Hello everyone,
I'm having some trouble with the two following diophantine equations:
1. solve y^2= 4x^3 +1 for x,y in Z
2. show that x^2+y^2 = z^2 +1 has infinitely many solutions
Can anyone help?
Regarding 1).........there is a quick solution and a LONG solution.
QUICK METHOD:
Simply plug in some small integers and see if the relation holds. If your lucky and observant, you'll immediately see that (x,y) = (0,1) is a solution!
LONG WAY..........
Rearranging, we have y^2 - 1 = (y-1)(y+1) = 4x^3
As the RS is even, we must have that both (y-1) AND (y+1) be even (do you know why its "AND" as apose to "OR"?).................Divide by 4 on both sides then let z = (y-1) / 2.
We have z(z+1) = x^3 (why?).
Now as gcd(z,z+1) = 1, it follows that BOTH z and z+1 must be a cube, but this implies that there are integers "a" and "b" such that (z+1) - z = a^3 - b^3 = 1.
The only solution to a^3 - b^3 = 1 is a = 1 and b = 0 (why?). Hence z = 0 and x = 0, which implies that y = 1.
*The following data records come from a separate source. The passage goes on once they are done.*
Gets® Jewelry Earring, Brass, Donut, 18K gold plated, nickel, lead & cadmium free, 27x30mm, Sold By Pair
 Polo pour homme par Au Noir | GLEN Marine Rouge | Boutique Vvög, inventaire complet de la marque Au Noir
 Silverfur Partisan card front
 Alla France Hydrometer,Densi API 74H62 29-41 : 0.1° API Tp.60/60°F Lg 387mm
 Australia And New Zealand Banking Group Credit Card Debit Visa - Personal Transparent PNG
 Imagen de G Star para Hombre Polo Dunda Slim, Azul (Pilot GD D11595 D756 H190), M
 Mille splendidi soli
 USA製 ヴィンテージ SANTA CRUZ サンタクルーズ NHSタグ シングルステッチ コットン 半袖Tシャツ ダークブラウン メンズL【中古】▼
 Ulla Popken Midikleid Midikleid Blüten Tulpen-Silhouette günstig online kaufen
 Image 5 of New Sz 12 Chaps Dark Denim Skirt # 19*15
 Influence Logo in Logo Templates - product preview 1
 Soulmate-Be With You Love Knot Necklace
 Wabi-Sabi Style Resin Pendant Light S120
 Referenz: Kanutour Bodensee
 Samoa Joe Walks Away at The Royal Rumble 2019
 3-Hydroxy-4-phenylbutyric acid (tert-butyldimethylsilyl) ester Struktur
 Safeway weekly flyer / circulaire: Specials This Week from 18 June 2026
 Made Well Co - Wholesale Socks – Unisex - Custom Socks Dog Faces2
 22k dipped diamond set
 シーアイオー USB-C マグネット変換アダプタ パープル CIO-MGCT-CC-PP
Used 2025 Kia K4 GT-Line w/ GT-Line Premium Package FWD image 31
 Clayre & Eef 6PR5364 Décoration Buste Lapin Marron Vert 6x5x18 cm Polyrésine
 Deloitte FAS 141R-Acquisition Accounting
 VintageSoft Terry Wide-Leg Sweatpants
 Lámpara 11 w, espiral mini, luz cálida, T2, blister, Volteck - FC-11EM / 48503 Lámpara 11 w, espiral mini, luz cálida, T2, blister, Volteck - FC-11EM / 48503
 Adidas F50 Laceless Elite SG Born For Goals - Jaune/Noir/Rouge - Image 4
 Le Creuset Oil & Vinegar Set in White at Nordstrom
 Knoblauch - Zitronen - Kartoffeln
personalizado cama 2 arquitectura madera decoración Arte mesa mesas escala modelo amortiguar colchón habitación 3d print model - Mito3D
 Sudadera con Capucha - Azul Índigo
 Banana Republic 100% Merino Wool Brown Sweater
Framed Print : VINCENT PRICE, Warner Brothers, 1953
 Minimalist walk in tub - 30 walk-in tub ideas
Of course for the equation $\displaystyle X^2+Y^2=Z^2+t$
There is a particular solution:
$\displaystyle X=1\pm{b}$
$\displaystyle Y=\frac{(b^2-t\pm{2b})}{2}$
$\displaystyle Z=\frac{(b^2+2-t\pm{2b})}{2}$
But interessuet is another solution: $\displaystyle X^2+Y^2=Z^2+1$
If you use the solution of Pell's equation: $\displaystyle p^2-2s^2=\pm1$
Making formula has the form:
$\displaystyle X=2s(p+s)L+p^2+2ps+2s^2=aL+c$
$\displaystyle Y=(p^2+2ps)L+p^2+2ps+2s^2=bL+c$
$\displaystyle Z=(p^2+2ps+2s^2)L+p^2+4ps+2s^2=cL+q$
number $\displaystyle L$ and any given us.
The most interesting thing here is that the numbers $\displaystyle a,b,c$ it Pythagorean triple. $\displaystyle a^2+b^2=c^2$
This formula is remarkable in that it allows using the equation $\displaystyle p^2-2s^2=\pm{k}$
Allows you to find Pythagorean triples with a given difference.
$\displaystyle a=2s(p+s)$
$\displaystyle b=p(p+2s)$
$\displaystyle c=p^2+2ps+2s^2$
$\displaystyle b-a=\pm{k}$ Pretty is not expected relationship between the solutions of Pell's equation and Pythagorean triples.